7 responses to “I didn’t really like Sukkah City

  1. I think Jenny captures the spirit of the display fairly well. One of the things Reform does, and sometimes well, is repurposing old rituals to fit new needs. If you’ve seen the Sukkot posts on the RJ blog, you’ll see a not-so-hidden agenda to establish the kind of sentimental attachment to decorating a home sukkah that used to be attached, even in many Jewish households, to trimming a tree. Just as there are typically no gifts piled up under the municipal tree, so there are no meals in the municipal sukkah. Actually, I think Chabad builds a sukkah at City Hall in Chicago, and the Federation had one on the exterior of its building when it was free-standing — now that it is in an office tower, that may not be the case. But those downtown sukkot have always been available for entry.

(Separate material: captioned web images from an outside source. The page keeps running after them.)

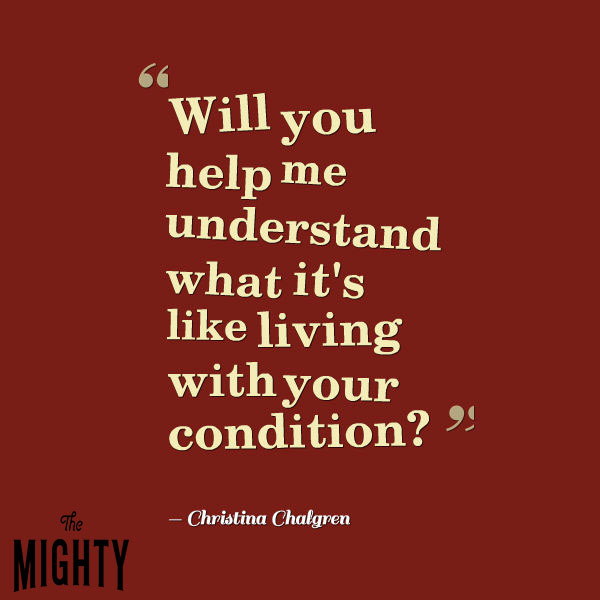 A quote from Christina Chalgren that says, "Will you help me understand what it's like living with your condition?"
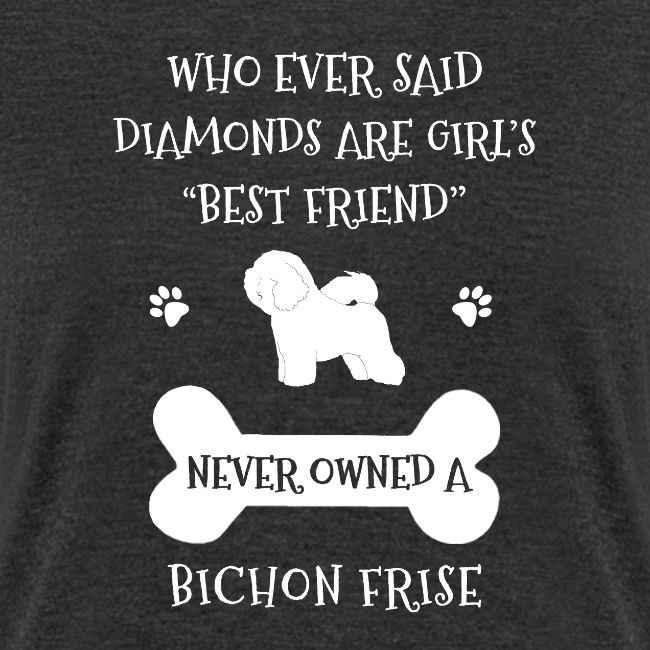 My Best Friend Is Bichon Frise Cool Gift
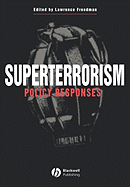 Superterrorism: Policy Respons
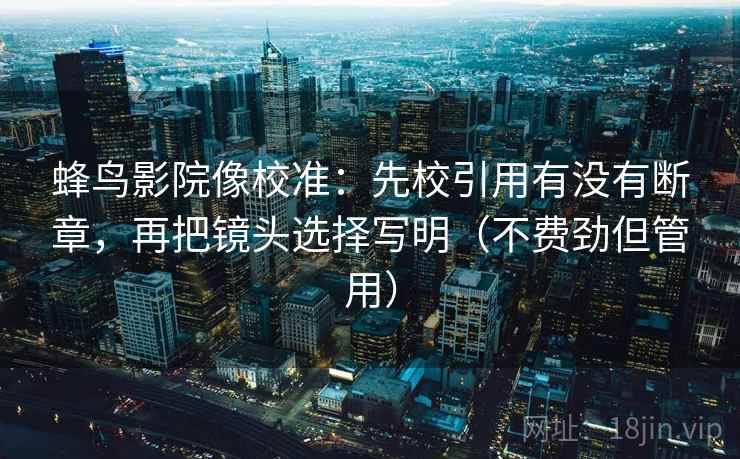 蜂鸟影院像校准：先校引用有没有断章，再把镜头选择写明（不费劲但管用）  第2张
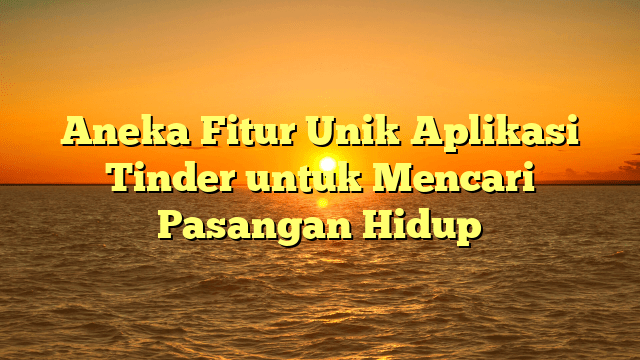 Aneka Fitur Unik Aplikasi Tinder untuk Mencari Pasangan Hidup Aneka Fitur Unik Aplikasi Tinder untuk Mencari Pasangan Hidup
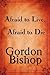 Afraid to Live, Afraid to Die by Gordon Bishop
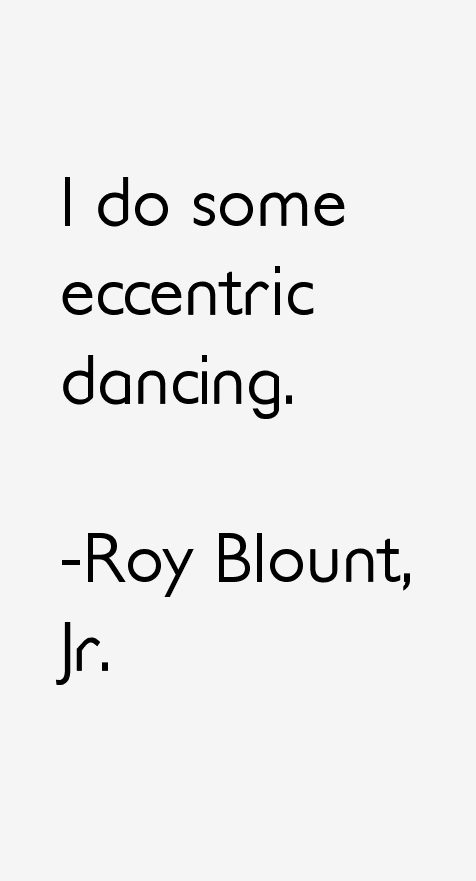 Roy Blount, Jr. Quotes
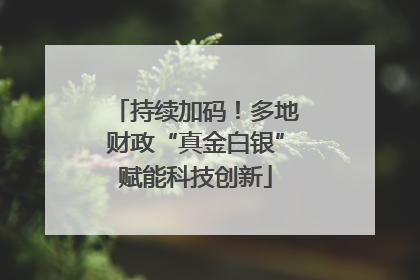 持续加码！多地财政“真金白银”赋能科技创新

    Even if the execution leaves something to be desired, giving the holiday a mainstream boost seems commendable. To quote what I often quote, keep your eye on the donut and not the hole.

  2. I think you may havae missed out on some of the sukkot… You could definitely go inside some of them and use them as intended…

    As well, the entire point of the project, as i understand it, was to take these “abstract” concepts (homelessness, for example) and turn them into tangible expressions of Judaism.

    I for one was very impressed and moved by the sukkah made from cardboard boxes, as if to suggest a shelter made by a homeless person. Doesn’t this “abstraction” perfectly grasp the meaning of sukkot? That we were once without a home and were wanderers and we have a duty to remember that as a people?

    • If you read the slides, I liked the homeless one.

      And something must have changed between the first day, when I was there, and when you went. All of them were roped off and there were just crowds buzzing around them, unable to enter them.

  3. Ploni א: Come eat by me on Shabbos.
    Ploni ב: I’d love to!
    Ploni א: Are you OK with cats?
    Ploni ב: No, they make me swell up and die.
    Ploni א: Well, OK then, maybe at Sukkos?
    Ploni ב: Sounds great!

    • Did this happen? It’s hilarious.

      • Actually we do have a friend who has declined dinner with us on account of the cats. It only occurred to me after the chag that Sukkot would be a good time to have her over, and she was the inspiration for the snippet above, though that dialogue remains hypothetical. Mostly, it’s my counter to Jenny’s comment on the irrationality of Sukkot on slide 9. A little hut where people who can’t come inside can be fed and entertained? Cool.